Transformation
by Deborah Judge
Summary: While in his chrysalis, Sinclair reflects on what his transformation will cost him.


Transformation

__

I have always been here, said Kosh.

When Jeffery Sinclair entered the chrysalis, it was Sunday, the first day of creation, the day of the ressurection of Our Lord. The fibers wrapped around his human body, and tendrils entered his mortal mind. Encased, he could not move, and white covered his eyes. It was Sunday, the fourteenth of the month, in spring, in the year 2260.

In Minbari teaching, before birth every Minbari child before birth sees every past life that his or her soul has experienced. Sinclair meditated, as he had been taught. This was his time before birth. Was there something he would see?

Days passed, or so Sinclair imagined with no way to measure time. He knew it had taken Delenn a number of weeks for her transformation to be complete. _Delenn had a companion_, he could not help thinking. He envied her the sound of Lennier's prayers, a voice and a presence to break the endless white silence.

__

Sof. Tho. Til. Hawa. Acha. Tov. Words in Minbari that Sinclair could not understand, although he had learned every spoken dialect of Minbar. He imagied that he could hear them now, filtering through the whiteness, praying for his mortal and unremembering soul.

Perhaps he slept, and dreamed, or his soul was taken away, but he found himself in a dark place. _I will be with you always, _said a voice, and it sounded like a Vorlon. In the dark, there were fragments of stone, and a bright star in the distance. 

He picked up a stone, and read the words. _Ad majorem dei gloriam. _To the great glory of God. The motto of his Jesuit school. What is this? he thought aloud, in what must be a dream.

__

It all depends on what you want, said Morden. He smiled in his open, friendly way, and pulled up an invisible chair. _Let me show you._

It was the last night of the Earth/Minbari war, and they sky was full of stars, and each star was a human death. "Hold the line!" Sinclair shouted. Another Starfury exploded, spilling the fragments of its human cargo into space. "Hold the line" he shouted, as if anyone would hear, as if there was any hope at all in the face of the Minbari onslaught.

__

You could make them all go away. You could make them not be there. Then Earth would not be destroyed. All you have to do is leave the chrysalis.

The Minbari could not have destroyed us, Sinclair answered himself. They did not. They saw that we are one. Minbari do not kill Minbari.

__

Watch. A final push, and the Minbari warships were through the destroyed line.
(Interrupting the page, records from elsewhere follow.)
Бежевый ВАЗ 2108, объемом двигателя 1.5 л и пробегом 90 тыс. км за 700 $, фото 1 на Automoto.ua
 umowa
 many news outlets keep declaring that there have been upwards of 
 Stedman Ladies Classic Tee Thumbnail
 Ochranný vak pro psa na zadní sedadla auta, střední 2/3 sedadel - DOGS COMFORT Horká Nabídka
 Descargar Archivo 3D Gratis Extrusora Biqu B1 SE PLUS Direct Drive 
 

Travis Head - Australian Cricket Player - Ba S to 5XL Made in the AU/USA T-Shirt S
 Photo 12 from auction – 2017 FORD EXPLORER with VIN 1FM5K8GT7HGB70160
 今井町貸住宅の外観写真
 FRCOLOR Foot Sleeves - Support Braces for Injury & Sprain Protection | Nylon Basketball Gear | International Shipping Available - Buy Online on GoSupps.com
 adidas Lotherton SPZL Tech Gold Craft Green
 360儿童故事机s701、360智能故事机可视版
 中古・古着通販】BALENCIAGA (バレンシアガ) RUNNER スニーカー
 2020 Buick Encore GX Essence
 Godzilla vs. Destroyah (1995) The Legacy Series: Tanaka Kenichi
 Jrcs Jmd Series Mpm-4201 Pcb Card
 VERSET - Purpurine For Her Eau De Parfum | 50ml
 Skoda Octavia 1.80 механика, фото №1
Instead of stopping to take captives, they continued straight on to the planet. One bomb was all it took, perfectly designed to destroy the world into uncountable fragments. One fell into Sinclair's hand. _Ad majorem dei gloriam._

Uf. Rosh. Tith. Sir. More incomprehensible Minbari words. Sinclair held onto them like a rope that would save him from drowning.

__

The thing is, Morden said, _you don't understand that you have a choice. But you do. You always did. You used to know it, too._

Unwilling, Sinclair found himself remembering the first time he and Catherine had made love, in a grassy spot behind bushes secluded from the eves of supervising nuns at the college. She was older than he was, a worldly sophomore, and it was not until she had raised herself over him, and then pulled down to bring him inside her, that he had realized that she was also a virgin. Afterwards he was close to tears, feeling like he had doomed himself to eternal wrongdoing. "I had wanted to be a priest," he whispered. She had tried to understand, but could not, and they had separated soon after. For a few miserable weeks, until he returned to her, apologizing, saying that she was worth more to him than his holiness.

__

This was your last life, Delenn explained. _Now you move into the next._ Her grey hood covered her face, draped over her headbone. "Delenn!" Sinclair shouted, hoping that she would move from her place in the circle of the Nine to remain with him for at least one more moment, but she was gone. 

__

You take so long to understand, Morden sighed. _Why do you trust her?_

__

Minbari do not lie. Minbari do not kill Minbari. Sinclair groaned, and the mark of Minbari torture was on his forehead. 

__

You could stop it, Morden said. _Save all the Humans killed in the genocidal war of the Minbari. Save the soldiers under your command. Save Mitchell._

__

And fall to the Shadows instead? No thanks. 

__

It is only desire. The only question is: what do you want?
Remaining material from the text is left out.